What to do: Transcribe nothing except the lines below that run from the one with "5GAKVCKD5FJ381022 Buick Enclave Premium" to the one with "Du lịch Đài", ends included, and do not copy any picture.
====== Data for review ======
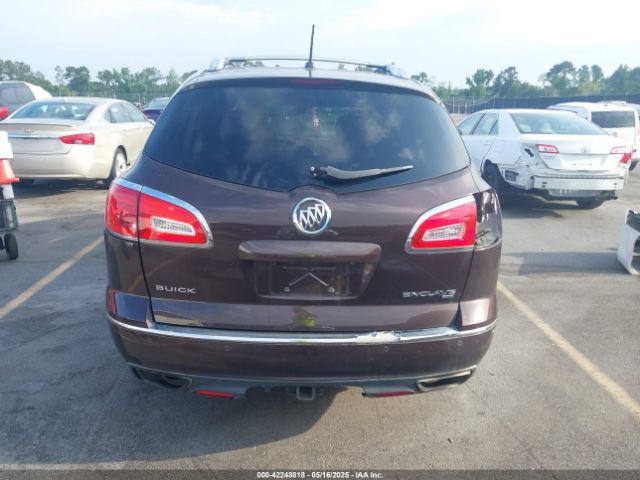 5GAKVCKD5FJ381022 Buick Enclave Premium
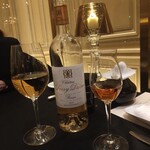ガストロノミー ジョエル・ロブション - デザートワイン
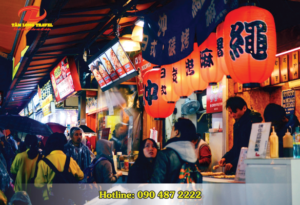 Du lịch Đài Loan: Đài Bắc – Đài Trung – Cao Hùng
======
====== Data for review ======
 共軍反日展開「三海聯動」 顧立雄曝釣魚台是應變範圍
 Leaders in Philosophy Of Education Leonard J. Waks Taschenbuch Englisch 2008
======
====== Data for review ======
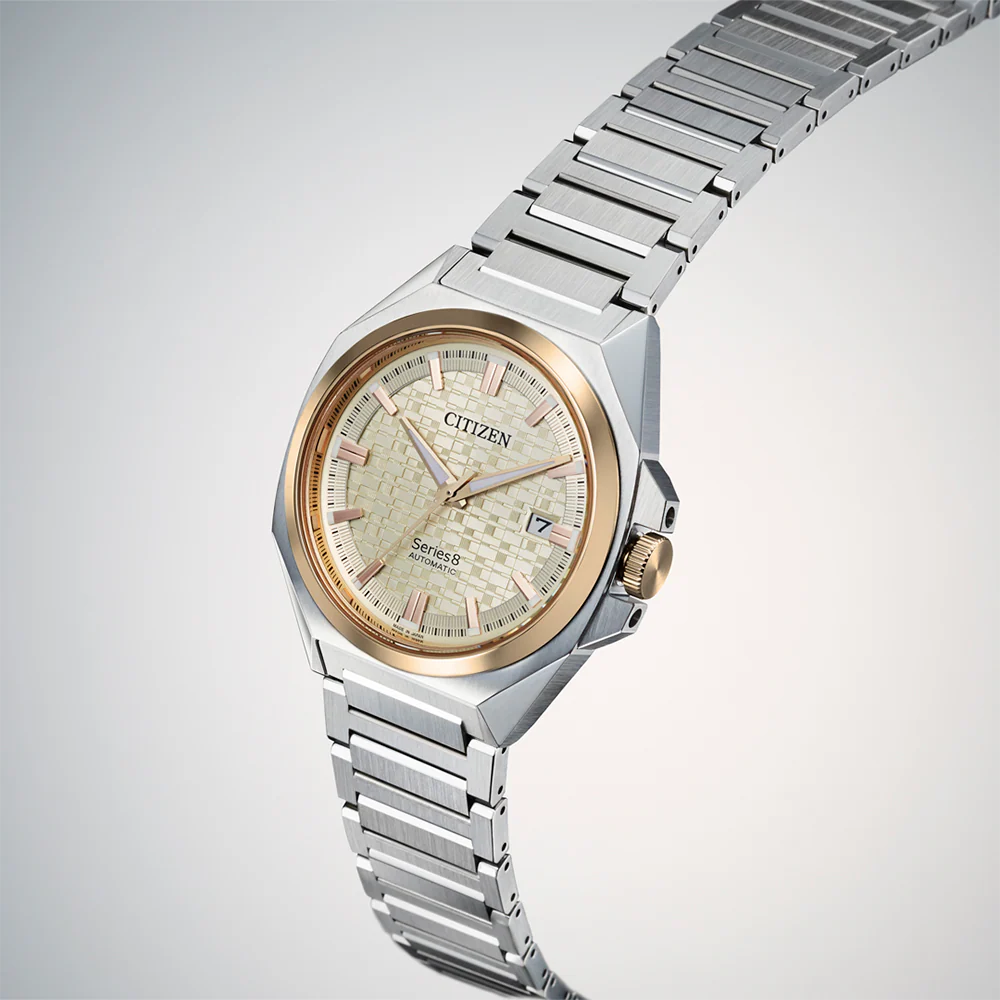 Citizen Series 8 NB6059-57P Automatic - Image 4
======
Task answer:
 5GAKVCKD5FJ381022 Buick Enclave Premium
ガストロノミー ジョエル・ロブション - デザートワイン
 Du lịch Đài Loan: Đài Bắc – Đài Trung – Cao Hùng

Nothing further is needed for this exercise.